- Opening Delimiter -
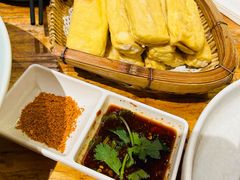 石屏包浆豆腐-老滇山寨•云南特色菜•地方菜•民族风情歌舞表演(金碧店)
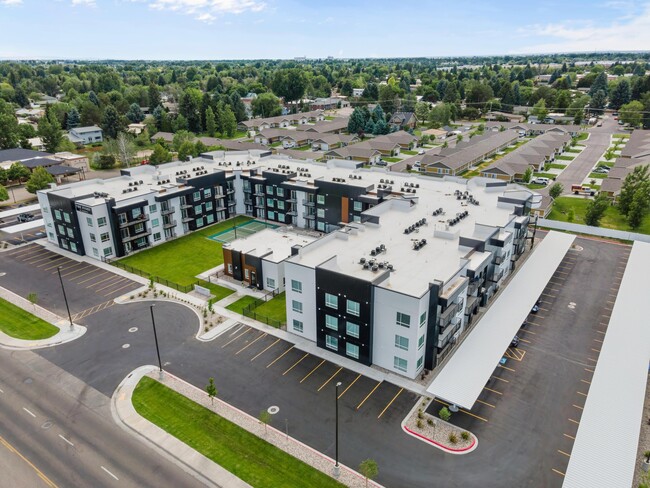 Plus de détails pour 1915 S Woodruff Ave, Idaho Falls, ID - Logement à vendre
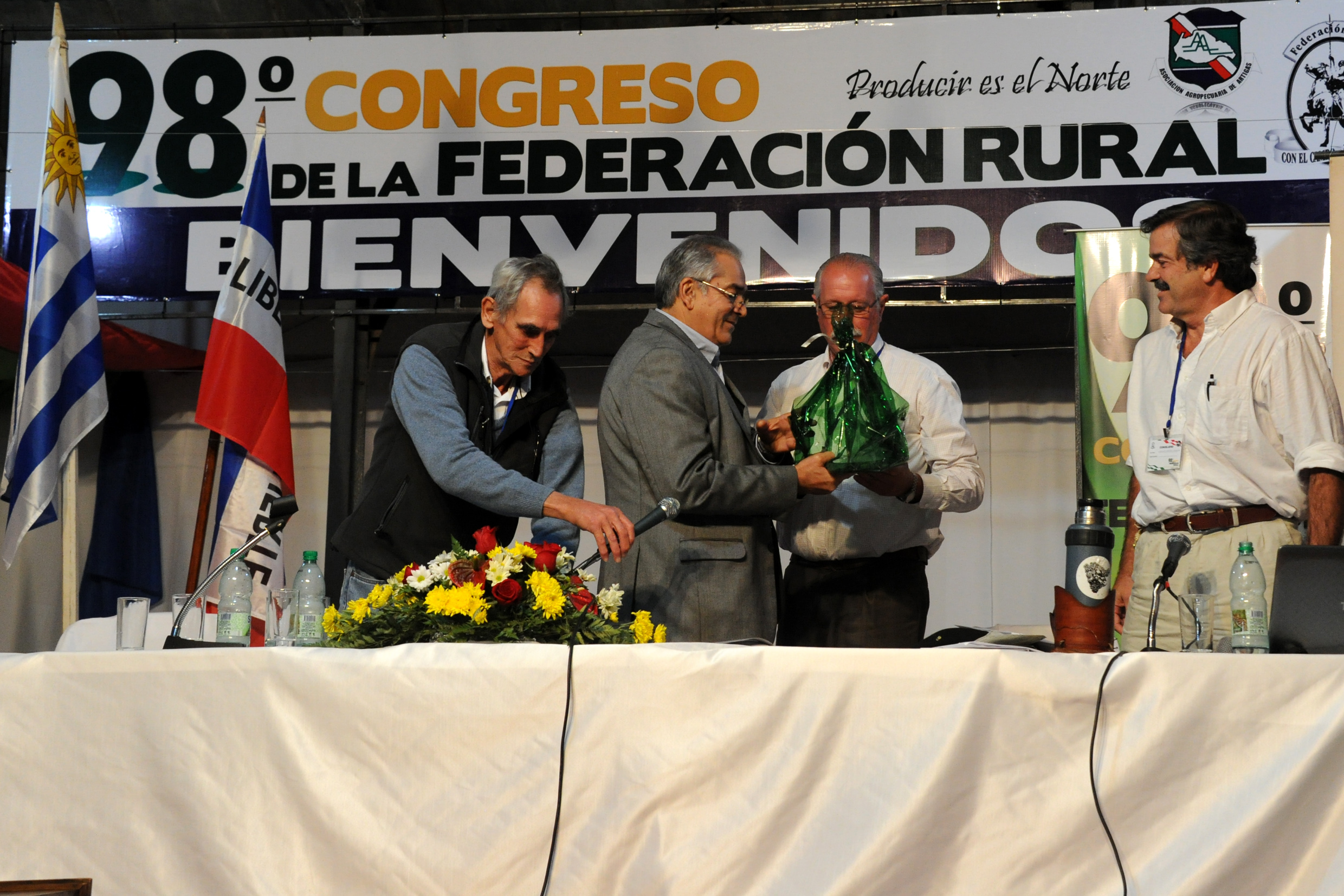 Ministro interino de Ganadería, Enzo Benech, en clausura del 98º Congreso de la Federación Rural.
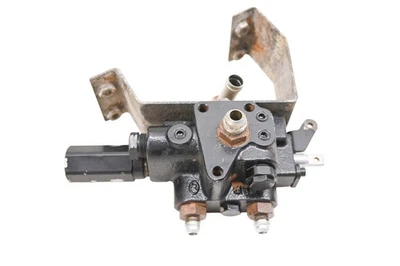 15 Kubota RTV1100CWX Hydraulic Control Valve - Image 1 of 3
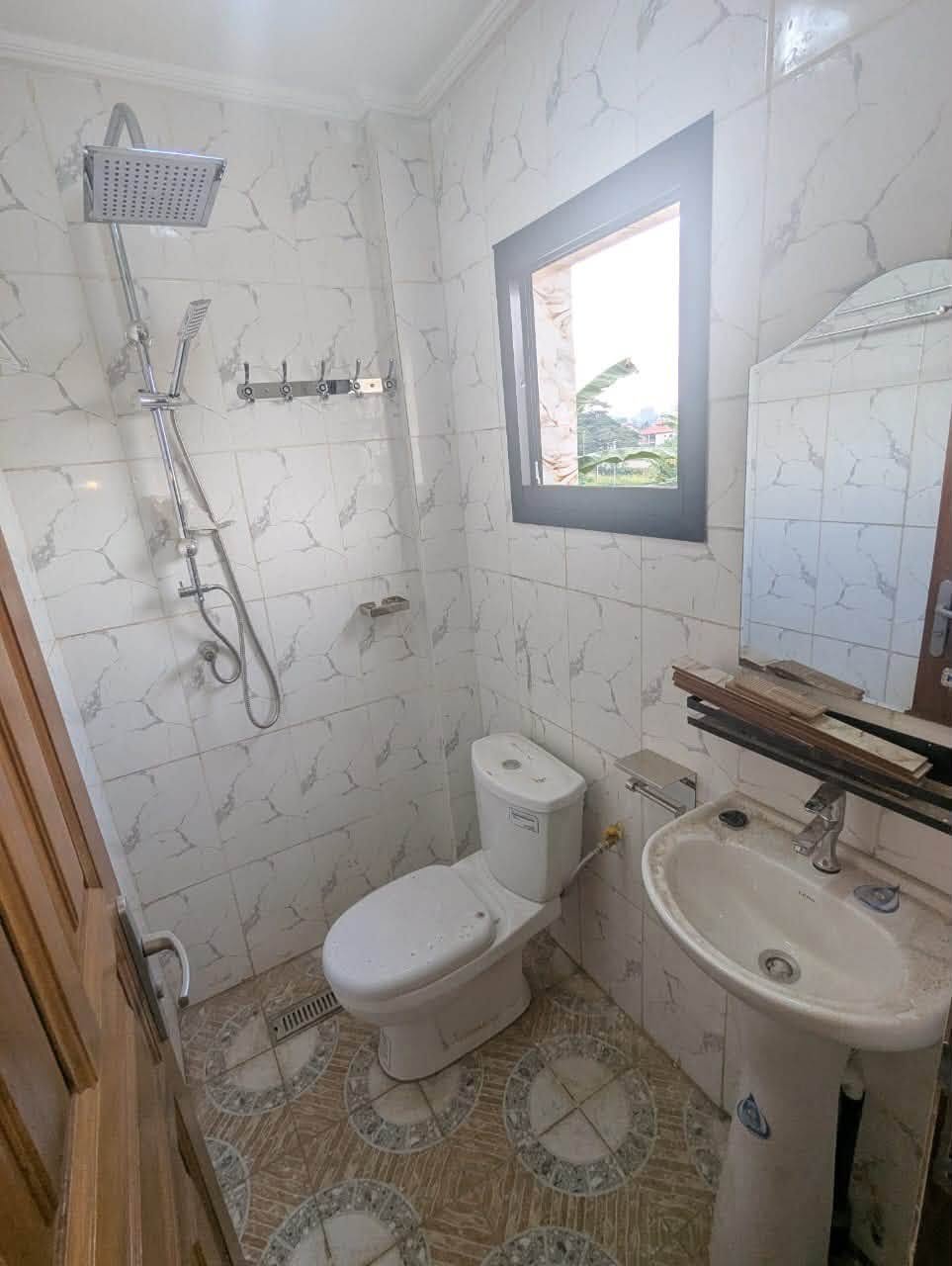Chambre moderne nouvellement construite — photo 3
- Closing Delimiter -
- Opening Delimiter -
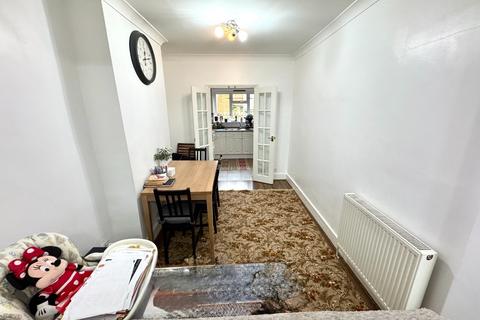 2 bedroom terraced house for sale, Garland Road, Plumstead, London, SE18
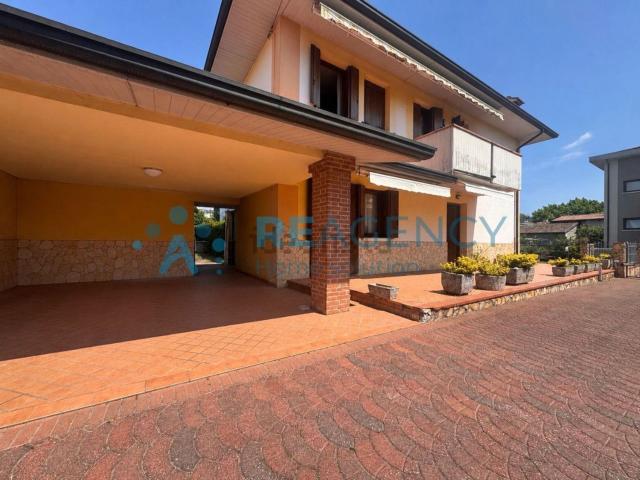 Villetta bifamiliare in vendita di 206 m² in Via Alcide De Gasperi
- Closing Delimiter -
WHAT THE TASK ASKS: What do the entries above read from the line containing "石屏包浆豆腐-老滇山寨•云南特色菜•地方菜•民族风情歌舞表演(金碧店)" through the line containing "Chambre moderne nouvellement"? Output those lines exactly, both ends included, with the pictures left out.

RESPONSE FOR THIS EXERCISE:
 石屏包浆豆腐-老滇山寨•云南特色菜•地方菜•民族风情歌舞表演(金碧店)
 Plus de détails pour 1915 S Woodruff Ave, Idaho Falls, ID - Logement à vendre
 Ministro interino de Ganadería, Enzo Benech, en clausura del 98º Congreso de la Federación Rural.
 15 Kubota RTV1100CWX Hydraulic Control Valve - Image 1 of 3
Chambre moderne nouvellement construite — photo 3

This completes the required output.